2.2Het is vaste rechtspraak van de Afdeling dat voor de vraag of de wijziging van een bestaand project significante gevolgen kan hebben, een vergelijking wordt gemaakt van de gevolgen van het bestaande project in de referentiesituatie en de gevolgen van het project na wijziging. De referentiesituatie wordt ontleend aan de geldende natuurvergunning of, bij het ontbreken daarvan, aan de milieutoestemming die gold op de referentiedatum (dat is het moment waarop artikel 6 van de Habitatrichtlijn van toepassing werd voor het betrokken Natura 2000-gebied), tenzij nadien een milieutoestemming is verleend voor een activiteit met minder gevolgen. Dan geldt die toestemming als referentiesituatie. Een referentiesituatie kan niet worden ontleend aan een natuurvergunning of milieutoestemming die is vervallen of geëxpireerd.
Als de wijziging van een project niet leidt tot een toename van stikstofdepositie ten opzichte van de referentiesituatie, dan is op grond van objectieve gegevens uitgesloten dat die wijziging significante gevolgen heeft. Dat heet intern salderen en het project is dan niet vergunningplichtig. Als de wijziging of uitbreiding van een project ten opzichte van de referentiesituatie leidt tot een toename van stikstofdepositie op reeds overbelaste stikstofgevoelige natuurwaarden in een Natura 2000-gebied, dan moeten de gevolgen van die toename worden onderzocht. Als uit dat onderzoek volgt dat significante gevolgen niet op voorhand op grond van objectieve gegevens kunnen worden uitgesloten (voortoets), dan is het project vergunningplichtig en moet een passende beoordeling worden gemaakt. Zie bijvoorbeeld de uitspraak van de Afdeling van 14 juli 2021, ECLI:NL:RVS:2021:1507, rechtsoverweging 7. 3. Verweerder heeft aan het bestreden besluit ten grondslag gelegd dat eiseres op
28 februari 2014 een melding op grond van artikel 1.10 van het Activiteitenbesluit milieubeheer (Activiteitenbesluit) heeft gedaan voor het houden van 98 melk- en kalfkoeien ouder dan 2 jaar en 83 stuks vrouwelijk jongvee tot 2 jaar. Volgens verweerder moet die melding worden aangemerkt als de kleinste milieutoestemming sinds de relevante aanwijsdata van de betrokken Natura 2000-gebieden. Nu eiseres niet over een natuurvergunning beschikt, is de situatie uit de melding van 28 februari 2014 volgens verweerder in dit geval de referentiesituatie.
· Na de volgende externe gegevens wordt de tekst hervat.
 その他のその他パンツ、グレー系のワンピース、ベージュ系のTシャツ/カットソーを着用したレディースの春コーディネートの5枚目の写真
Uit de berekening met AERIUS Calculator (AERIUS-berekening) van 21 oktober 2020, kenmerk RduA6N7FgaUx, blijkt dat de aangevraagde situatie ten opzichte van de situatie uit de melding van 28 februari 2014 een toename van stikstofdepositie op omliggende Natura 2000-gebieden en dus een verslechtering van de kwaliteit van die gebieden tot gevolg heeft. Daarom kan de gevraagde Wnb-vergunning niet worden verleend, aldus verweerder.
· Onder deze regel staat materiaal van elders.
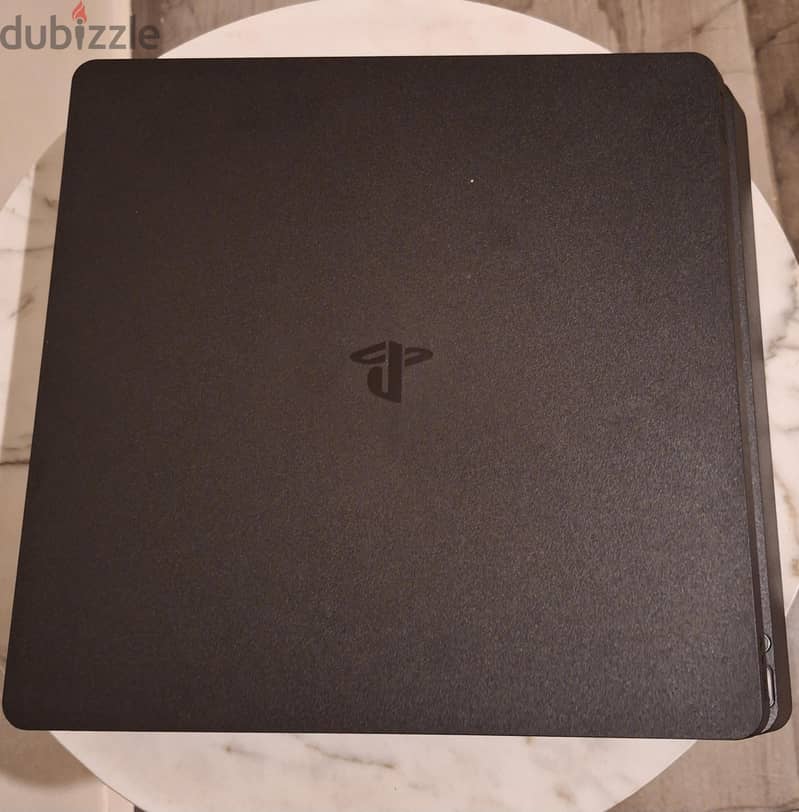 PS4 Slim &Playstation 4 Slim 5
De beroepsgronden van eiseres
4. Eiseres heeft in beroep aangevoerd dat het college van burgemeester en wethouders van de toenmalige gemeente [plaats 2] op 28 april 1999 op grond van de Wet milieubeheer aan haar een revisievergunning heeft verleend voor het houden van 116 melk- en kalfkoeien ouder dan 2 jaar en 116 stuks vrouwelijk jongvee tot 2 jaar. Volgens eiseres bevat deze vergunning de kleinste milieutoestemming sinds de relevante aanwijsdata van de betrokken Natura 2000-gebieden, zodat de situatie waarvoor in deze vergunning toestemming is verleend voor dit geval als referentiesituatie moet gelden. Zij is, kort samengevat, van mening dat verweerder ten onrechte heeft geconcludeerd dat met de melding van 28 februari 2014 het aantal stuks vee dat in de inrichting wordt gehouden is verminderd. Eiseres heeft namelijk nooit beoogd om met die melding een verandering van het veebestand te melden.
Bovendien kan alleen een melding op grond van het Activiteitenbesluit volgens eiseres niet tot gevolg hebben dat rechten die in een milieuvergunning zijn toegekend gedeeltelijk komen te vervallen.
Eiseres heeft verder aangevoerd dat uit de door haar overgelegde AERIUS-berekeningen blijkt dat de aangevraagde situatie ten opzichte van de situatie uit de revisievergunning van 28 april 1999 niet leidt tot een toename van stikstofdepositie op Natura 2000-gebieden. Zij is daarom van mening dat sinds 1 januari 2020 voor de aangevraagde situatie geen vergunning op grond van artikel 2.7, tweede lid, van de Wnb meer is vereist.